Volume 3, Number 3
The information in Tax Perspectives is prepared for general interest only. Every effort has been made to ensure that the contents are accurate. However, professional advice should always be obtained before acting and TSG member firms cannot assume any liability for persons who act on the basis of information contained herein without professional advice.
The Estate Freeze Old Tools Revisited
By Larry Frostiak, CA, CFP, TEP
Frostiak & Leslie Chartered Accountants Inc. (Winnipeg)
In the next ten years or so, there will be a monumental transfer of wealth, as a younger generation gets set to inherit business, real estate and other investment assets.
Of course, the Canada Customs and Revenue Agency (CCRA) will also be anxiously waiting to benefit from the considerable tax windfall, as the transfer of these assets will ultimately trigger a deemed disposition immediately prior to death. This will result in capital gains and tax payable on those gains.
Historically, an "estate freeze" has been an effective tool in limiting and quantifying the tax payable on such appreciating assets. An estate freeze attempts to minimize the tax by ensuring that the value of the taxpayer's estate will not increase after the freeze is implemented. Properly done, the maximum amount of any capital gain arising on death and the resultant tax thereon should be relatively predictable.

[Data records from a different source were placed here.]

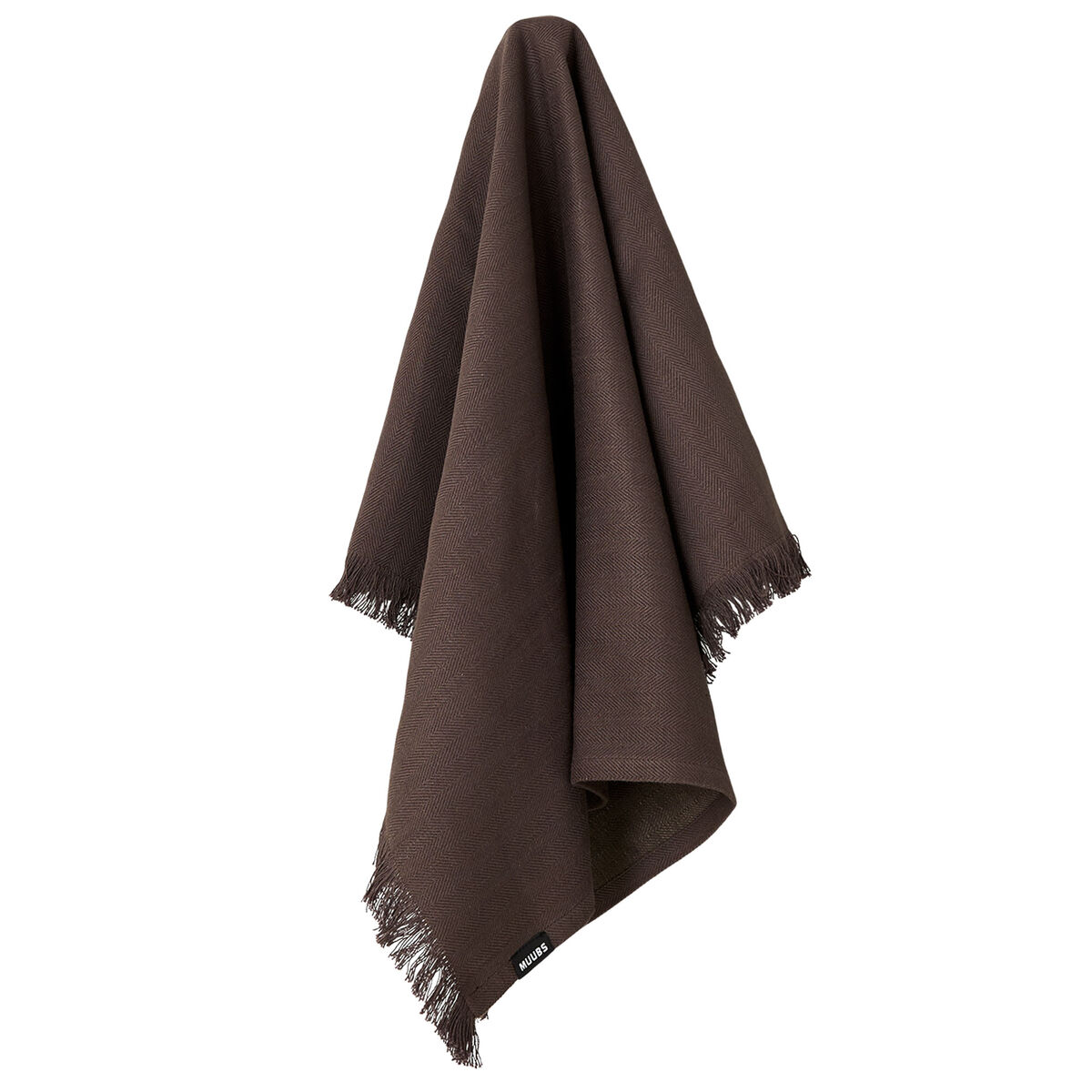 Umami kjøkkenhåndkle, brun/svart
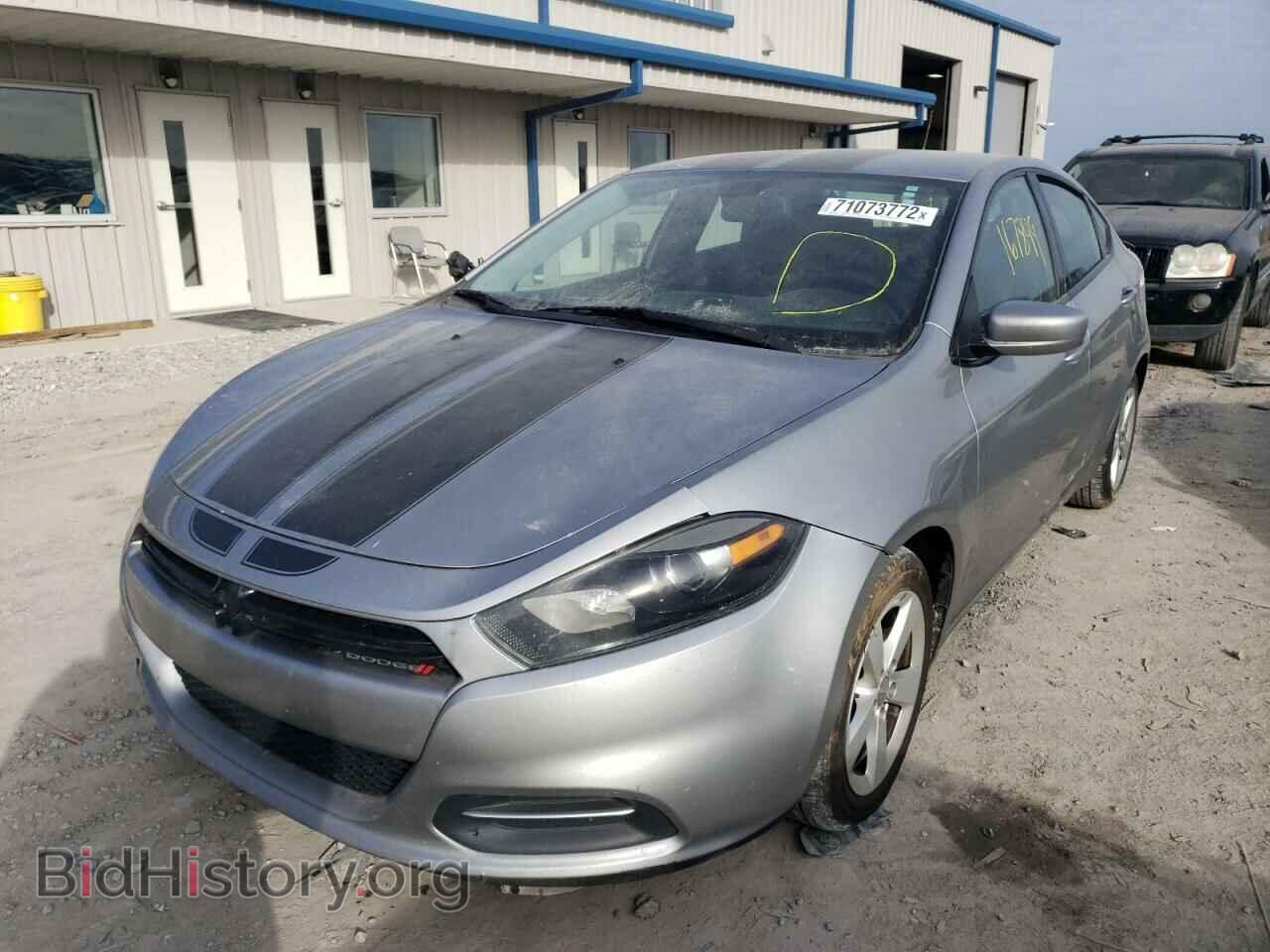 Фотография 1C3CDFBBXFD265629 - DODGE DART 2015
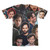 Penn Badgley 3D Collage T-Shirt back
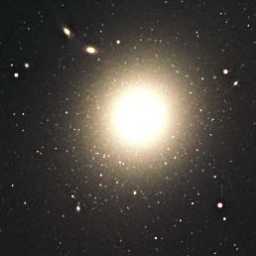 Globular nebula N.G.C. 4486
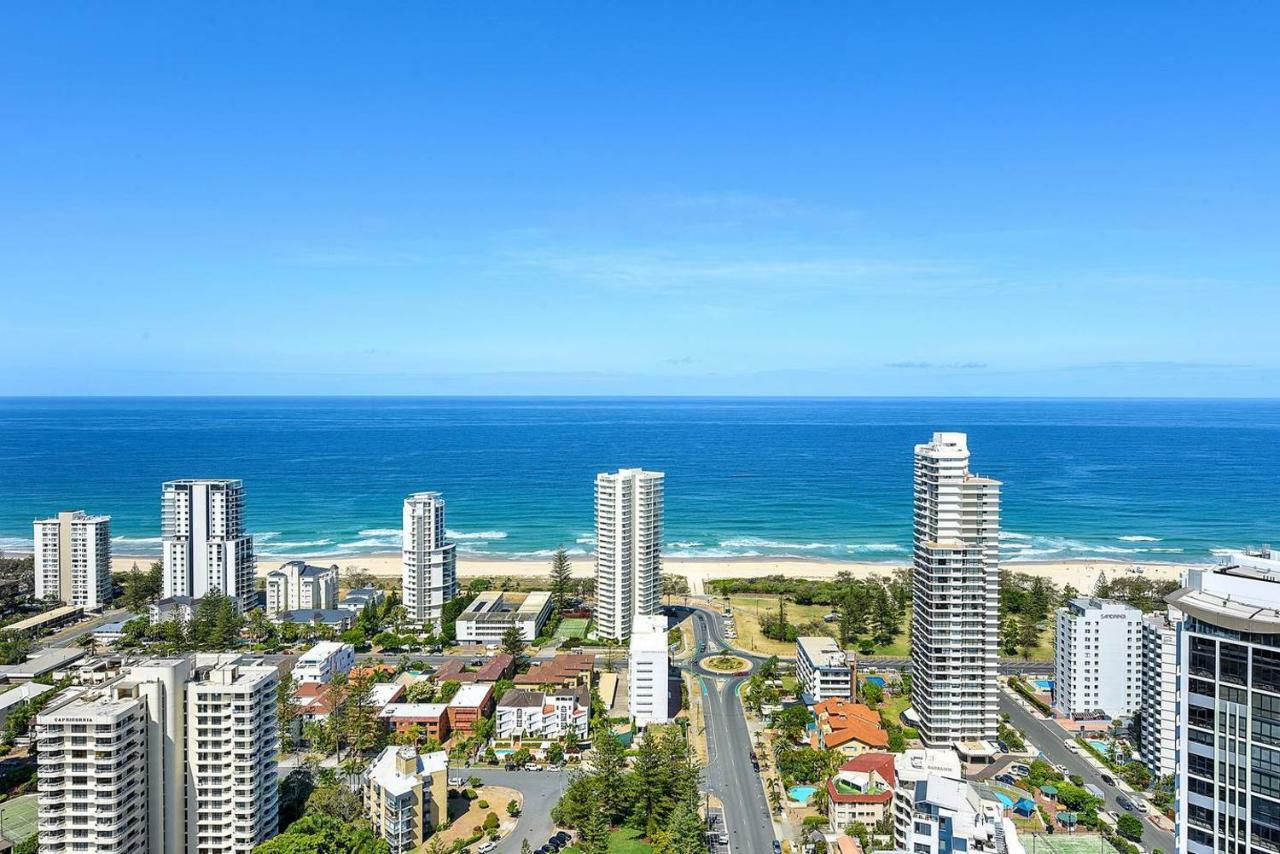 Qube Broadbeach Ocean View Apartments Gold Coast Exterior photo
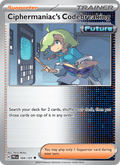 Ciphermaniac's Codebreaking 104/131 — Prismatic Evolutions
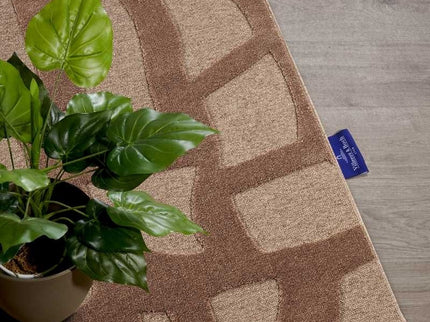 Vloerkleed Vintage Therese - Koper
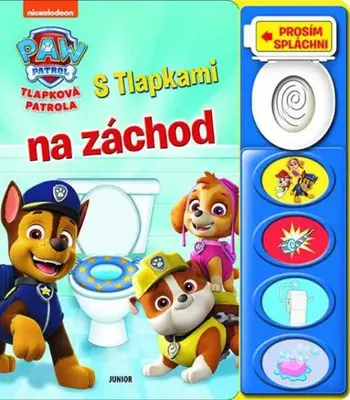 Imagen del producto de Tlapková patrola S Tlapkami na záchod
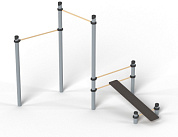 спортивный комплекс romana 501.07.01 для уличной площадки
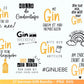 German Gin svg png Bundle - Ginsprüche svg - deutsche Sprüche svg - Alkohol svg - Cricut Silhouette Studio Plotterdatei SVG - Digital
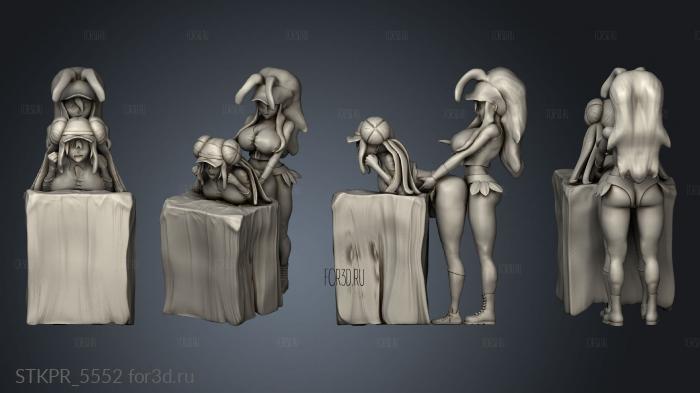 STKPR_5552 3d stl модель для ЧПУ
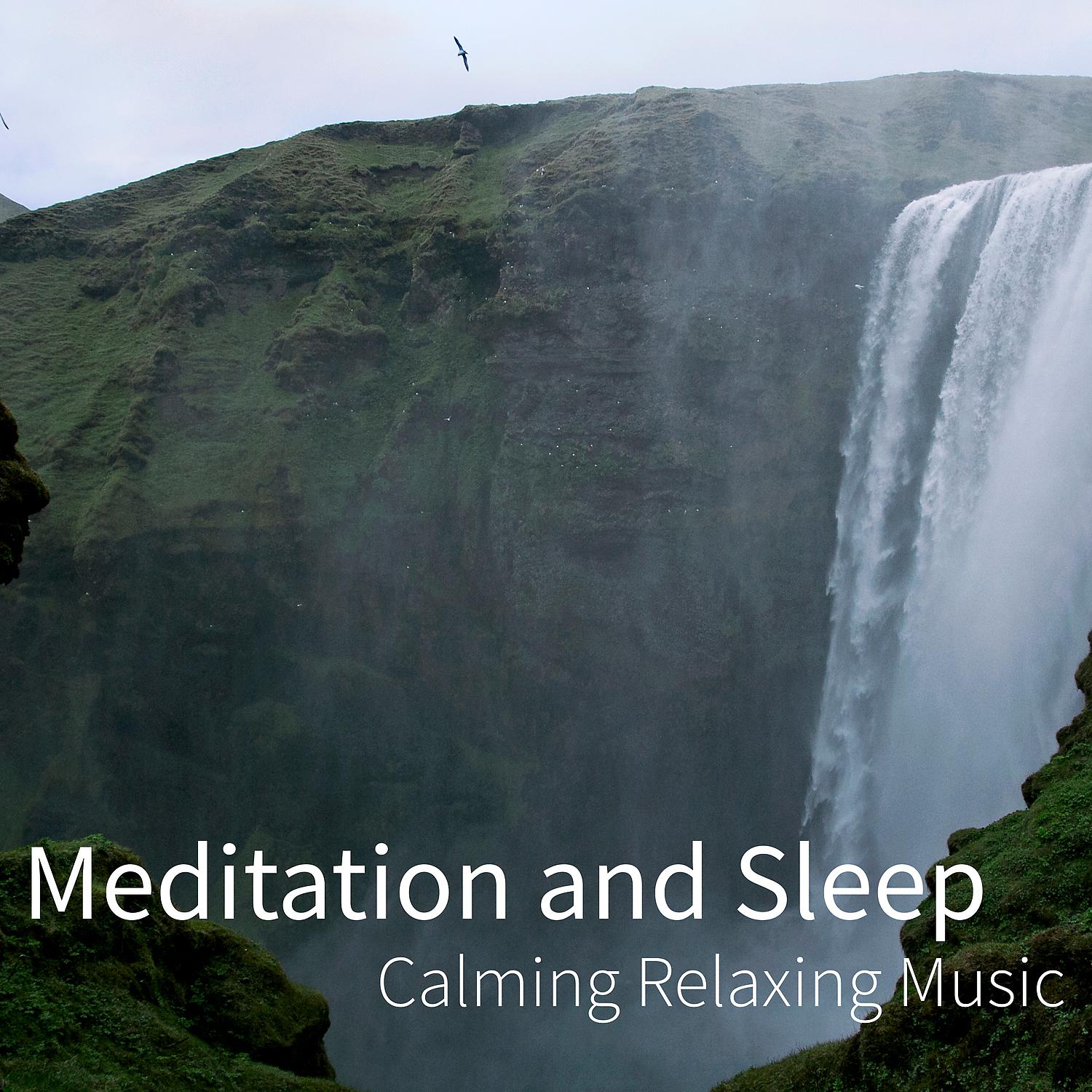 Постер альбома Meditation and Sleep: Calming Relaxing Music for Your Comfort Zone, Insomnia Problem Cure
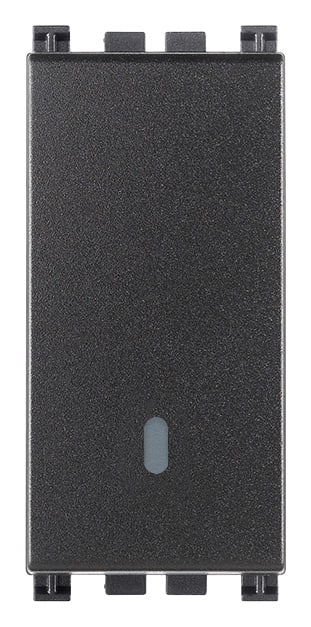 VIMAR SPA VIW19010 PULSANTE 1P NC 10A GRIGIO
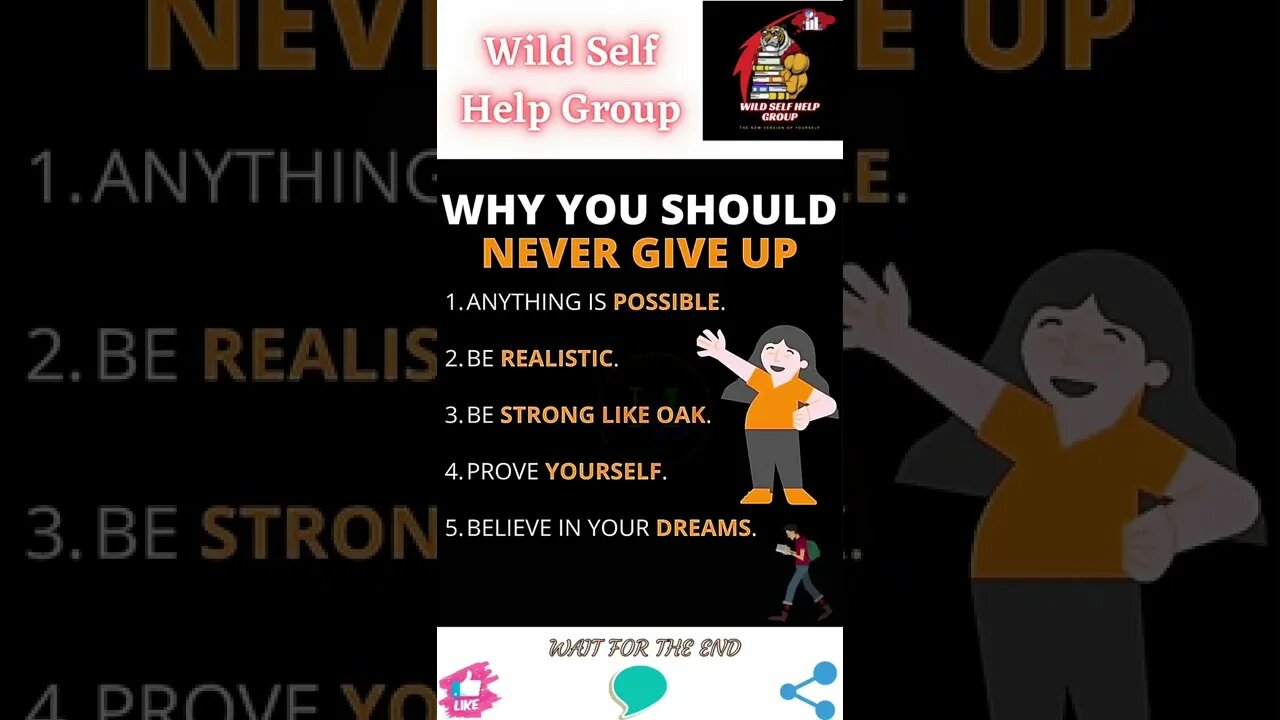 🔥Why you should never give up🔥#shorts🔥#wildselfhelpgroup🔥12 July 2022🔥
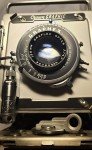 Graflex Crown Graphic 4x5 Camera with 135mm Lens
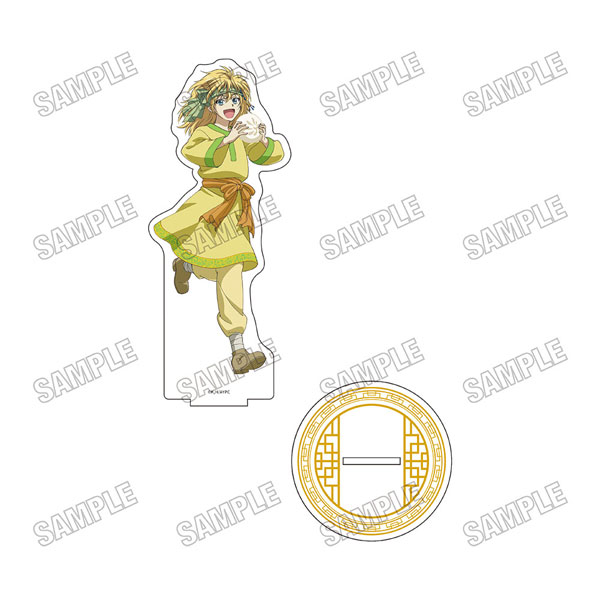 TVアニメ『暁のヨナ』 描き下ろしBIGアクリルスタンド[カフェver.](8)ゼノ[メディコス・エンタテインメント]《０５月予約》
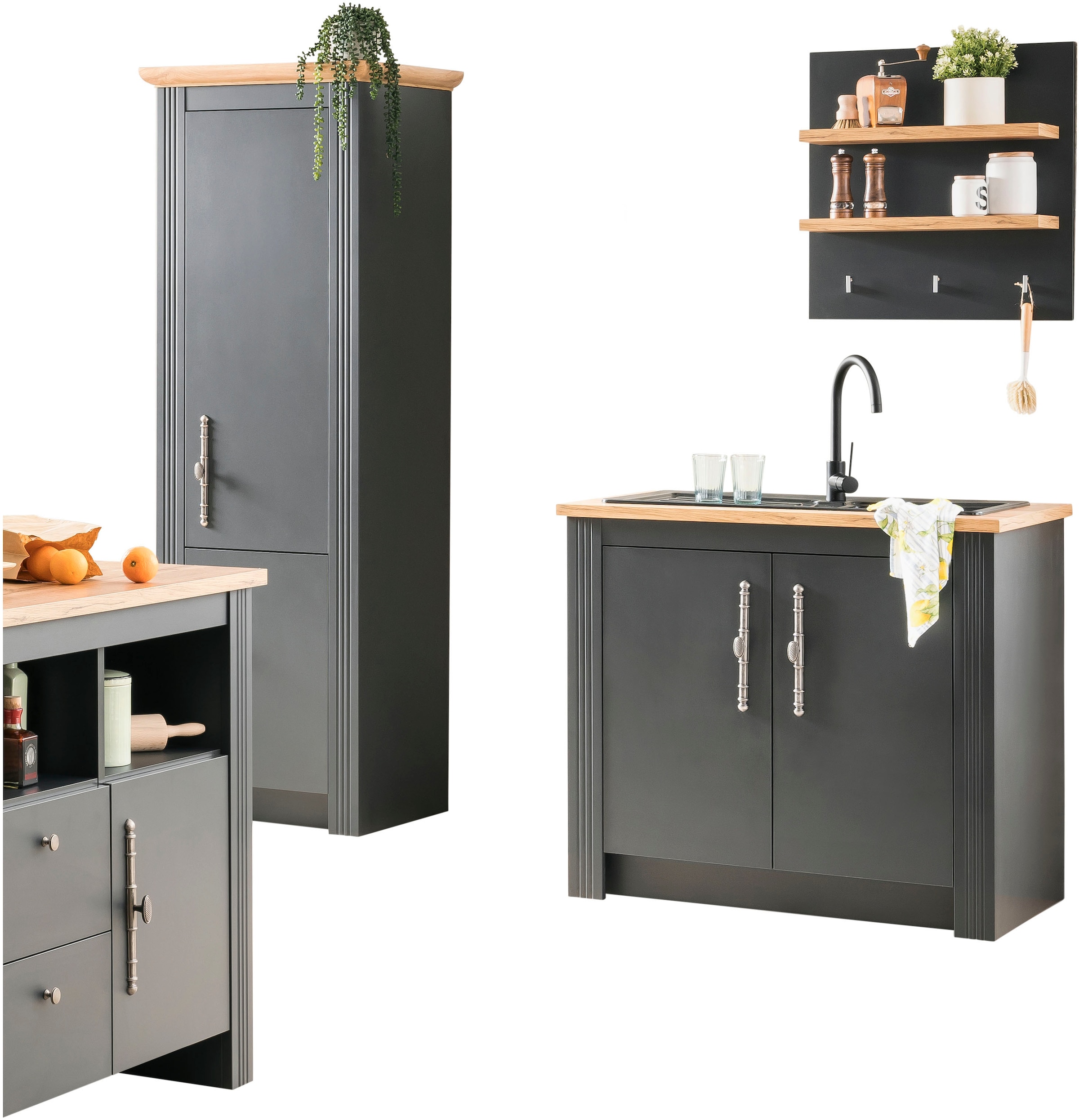 GOODproduct Cuisine »KS-Westminster« Breite 96 cm, ohne E-Geräte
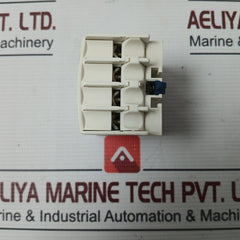 Schneider Electric/Telemecanique Ladn04 Auxiliary Contact Block 690V 10A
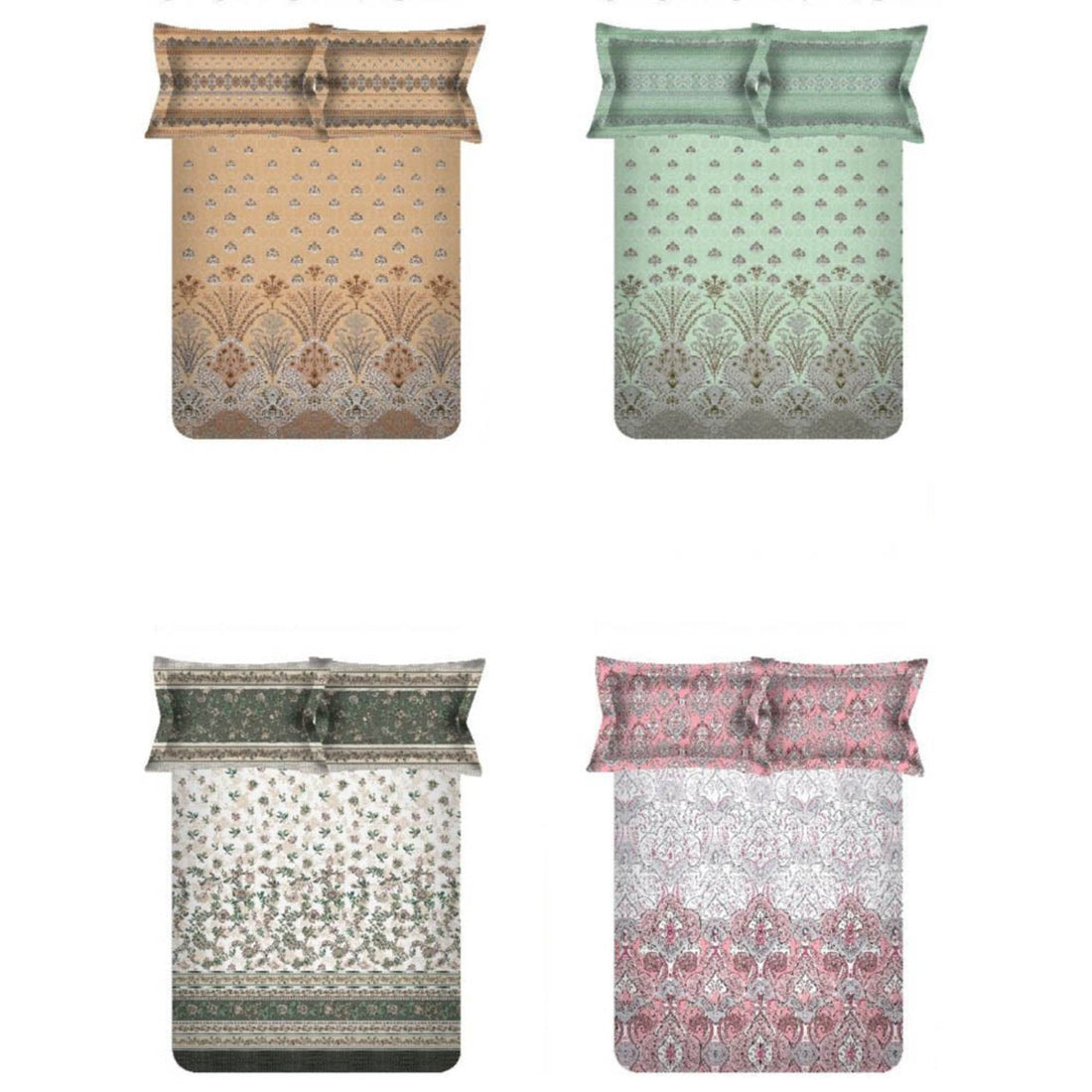 Welspun Ritu kumar Table linen (set of 4 pcs)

Let's review a number of alternative methods of creating an estate freeze.
1. A Simple Sale
At its simplest, a parent could sell an appreciating asset to the intended family member in exchange for a non-interest bearing note, payable on demand. The parent now holds only the note that will not increase in value; the family member now holds the appreciating asset.
This simple freeze, however, creates a number of problems:
- An effective loss of control over the asset:
- A potential income attribution problem if the recipient is a minor or a spouse;
- An immediate deemed disposition of the asset for tax purposes, with tax payable on any capital gains; and
- A potential funding problem on the note for the recipient.
Of course, if the taxpayer has unused capital losses available, a sale at fair market value today may be an effective means of implementing the estate freeze with no immediate tax cost. Otherwise, better techniques are available.
2. Sale or Gift to an Inter-Vivos Trust
The control issue to the "freezor" can be addressed by effecting a transfer or sale of the asset to an inter-vivos trust. The taxpayer can then exercise control over how the property is used, either by the selection of trustees and/or by restrictions specified in the trust document.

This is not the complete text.